Something pushes me, rolls me across the floor, over a lip, and into container. The plasma retracts from me, rolls out of the chamber, and forms into a perfect sphere that a Solcrue loads back into a gun as he slams the door on my cell.

“Welcome back to hell, Ssss...”

“Fuck off, Half-wit.”

“It’s Hetnick, you piece of Shannassi shit.”

I get up and punch the clear pane between us. It doesn’t even fracture. “Half-dick. Yeah. Whatever.”

He taps the control panel on my cell with a smirk and sends a dart punching into my neck. Hetnick tilts his scaly head, rubs a cropped ear, and watches me.

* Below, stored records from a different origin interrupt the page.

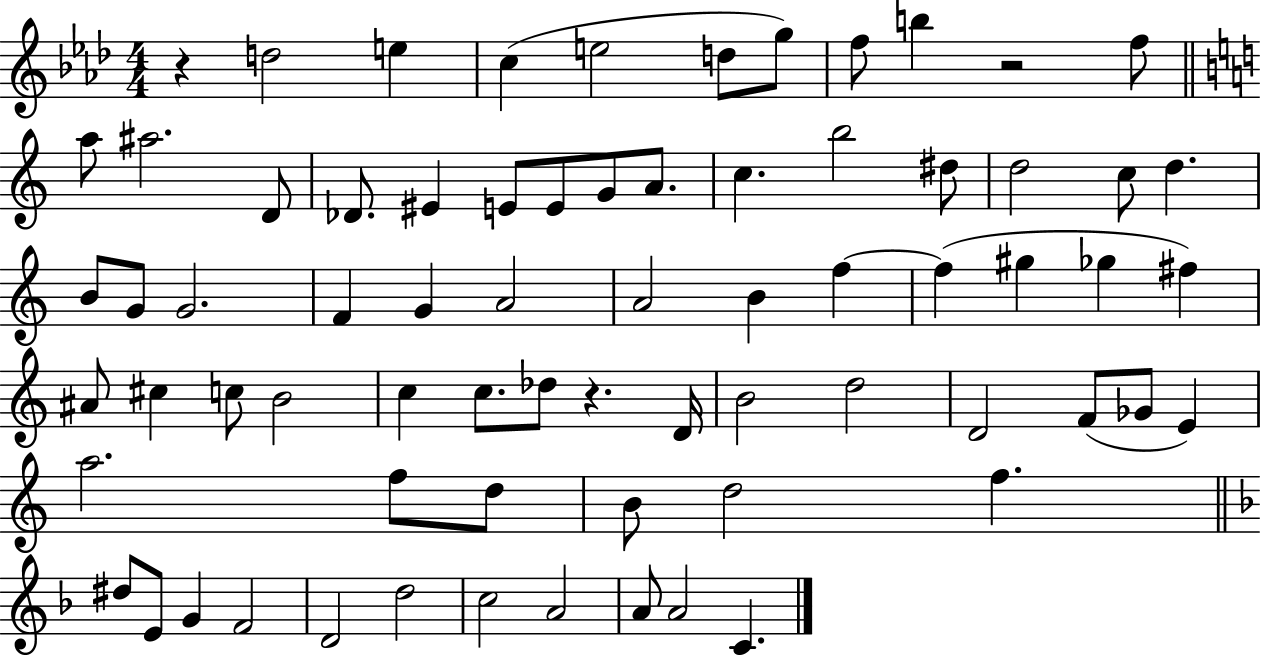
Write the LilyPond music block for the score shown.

{
  \clef treble
  \numericTimeSignature
  \time 4/4
  \key aes \major
  r4 d''2 e''4 | c''4( e''2 d''8 g''8) | f''8 b''4 r2 f''8 | \bar "||" \break \key c \major a''8 ais''2. d'8 | des'8. eis'4 e'8 e'8 g'8 a'8. | c''4. b''2 dis''8 | d''2 c''8 d''4. | \break b'8 g'8 g'2. | f'4 g'4 a'2 | a'2 b'4 f''4~~ | f''4( gis''4 ges''4 fis''4) | \break ais'8 cis''4 c''8 b'2 | c''4 c''8. des''8 r4. d'16 | b'2 d''2 | d'2 f'8( ges'8 e'4) | \break a''2. f''8 d''8 | b'8 d''2 f''4. | \bar "||" \break \key f \major dis''8 e'8 g'4 f'2 | d'2 d''2 | c''2 a'2 | a'8 a'2 c'4. | \break \bar "|."
}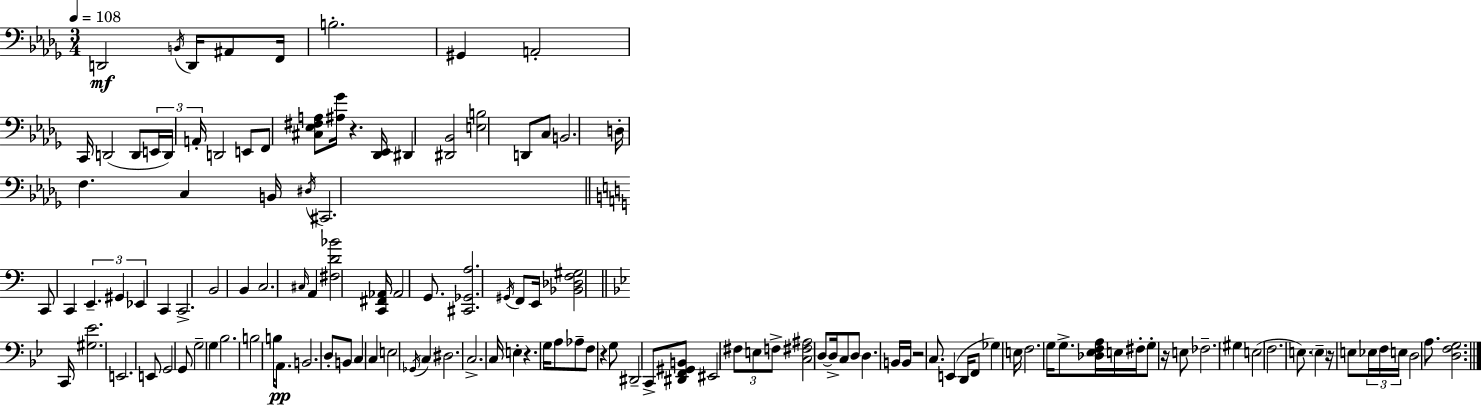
D2/h B2/s D2/s A#2/e F2/s B3/h. G#2/q A2/h C2/s D2/h D2/e E2/s D2/s A2/s D2/h E2/e F2/e [C#3,Eb3,F#3,A3]/e [A#3,Gb4]/s R/q. [Db2,Eb2]/s D#2/q [D#2,Bb2]/h [E3,B3]/h D2/e C3/e B2/h. D3/s F3/q. C3/q B2/s D#3/s C#2/h. C2/e C2/q E2/q. G#2/q Eb2/q C2/q C2/h. B2/h B2/q C3/h. C#3/s A2/q [F#3,D4,Bb4]/h [C2,F#2,Ab2]/s Ab2/h G2/e. [C#2,Gb2,A3]/h. G#2/s F2/e E2/s [Bb2,Db3,F3,G#3]/h C2/s [G#3,Eb4]/h. E2/h. E2/e G2/h G2/e G3/h G3/q Bb3/h. B3/h B3/s A2/e. B2/h. D3/e B2/e C3/q C3/q E3/h Gb2/s C3/q D#3/h. C3/h. C3/s E3/q R/q. G3/s A3/e Ab3/e F3/e R/q G3/e D#2/h C2/e [D#2,F2,G#2,B2]/e EIS2/h F#3/e E3/e F3/e [C3,F#3,A#3]/h D3/e D3/s C3/e D3/e D3/q. B2/s B2/s R/h C3/e. E2/q D2/s F2/e Gb3/q E3/s F3/h. G3/s G3/e. [Db3,Eb3,F3,A3]/s E3/s F#3/s G3/e R/s E3/e FES3/h. G#3/q E3/h F3/h. E3/e. E3/q R/s E3/e Eb3/s F3/s E3/s D3/h A3/e. [D3,F3,G3]/h.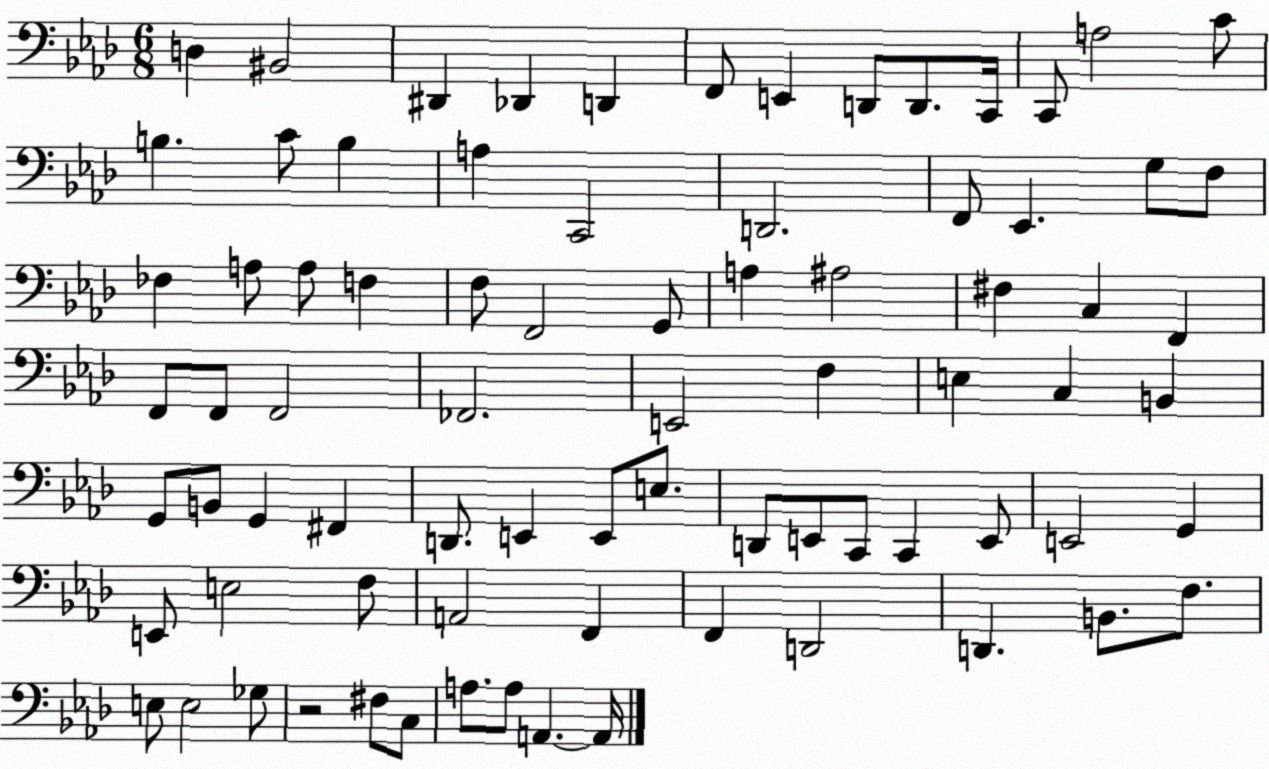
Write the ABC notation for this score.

X:1
T:Untitled
M:6/8
L:1/4
K:Ab
D, ^B,,2 ^D,, _D,, D,, F,,/2 E,, D,,/2 D,,/2 C,,/4 C,,/2 A,2 C/2 B, C/2 B, A, C,,2 D,,2 F,,/2 _E,, G,/2 F,/2 _F, A,/2 A,/2 F, F,/2 F,,2 G,,/2 A, ^A,2 ^F, C, F,, F,,/2 F,,/2 F,,2 _F,,2 E,,2 F, E, C, B,, G,,/2 B,,/2 G,, ^F,, D,,/2 E,, E,,/2 E,/2 D,,/2 E,,/2 C,,/2 C,, E,,/2 E,,2 G,, E,,/2 E,2 F,/2 A,,2 F,, F,, D,,2 D,, B,,/2 F,/2 E,/2 E,2 _G,/2 z2 ^F,/2 C,/2 A,/2 A,/2 A,, A,,/4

The dart thrusts cold liquid into my body, carrying with it the sickening chill of bad code, of corruption, of the very thing I never wanted to endure again.

I slump down in the cell.

He chuckles, bites off a bit of a gilkyworm cake, leaving crumbs on the floor, then turns for the door. “That’s what I thought. I’ll be back for your first shift in an hour, S...”

I can’t let it consume me, not again.

But the way it invades my body and turns my veins into fire makes me concerned I’m not going to break out of it this time. It feels...upgraded. So I focus my protection around my cores and the precious chips inside my body, and let the poison do its thing.

I just wish I knew how to stop it, what medicine I needed, or anticode.

I pull up the memory of Aniah killing the Solcrue, and every other memory I have of humans fighting for one another, defending themselves from Solcrue, the kind of thing that broke me free last time.

The poison code reaches my central processor and slows my thinking.

But I bring Aera’s face to the front of my memory.

I hold onto her, fighting to help her colony and the salvage mission, even though she’d barely had an hour of sleep. I drift off under the taxing effort of processing the corrupt nanos while thinking of her digging her heels into my ass and begging me to be one with her.

At least when I serve Solcrue this time, I won’t have to be alone. My companion program is complete.